ACT was voted Label of the Year in the German Echo Jazz online poll four times in a row from 2010 to 2013.

== Roster ==
ACT artists include Marius Neset, Bugge Wesseltoft, Lars Danielsson, Viktoria Tolstoy, Vijay Iyer, Leszek Mozdzer, Iiro Rantala, Nils Landgren and Esbjörn Svensson Trio.

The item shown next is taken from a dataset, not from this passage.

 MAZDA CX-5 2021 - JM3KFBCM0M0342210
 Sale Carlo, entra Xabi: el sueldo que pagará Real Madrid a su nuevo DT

Also: Esbjörn Svensson, Rigmor Gustafsson, and Ulf Wakenius. Artists contracted from other countries are the Norwegian saxophonists Geir Lysne, Tore Brunborg, Frøy Aagre, violinist Henning Kraggerud, the band In The Country, the Swedish pianist Jacob Karlzon, the Danish vocalist Cæcilie Norby, the Belgian guitarist Philip Catherine, the Austrian pianist David Helbock, the French drummer Manu Katché. German musicians on the label include Christian Muthspiel, Joachim Kühn, Christof Lauer, Wolfgang Haffner, and Michael Wollny (winner of the ECHO Jazz award in 2010 for best instrumentalist, piano/keyboards).

ACT has recorded Nguyên Lê and Youn Sun Nah (winner of the Echo Jazz award in 2011 for best singer internationally), Jasper van't Hof, Simon Nabatov, and Paolo Fresu.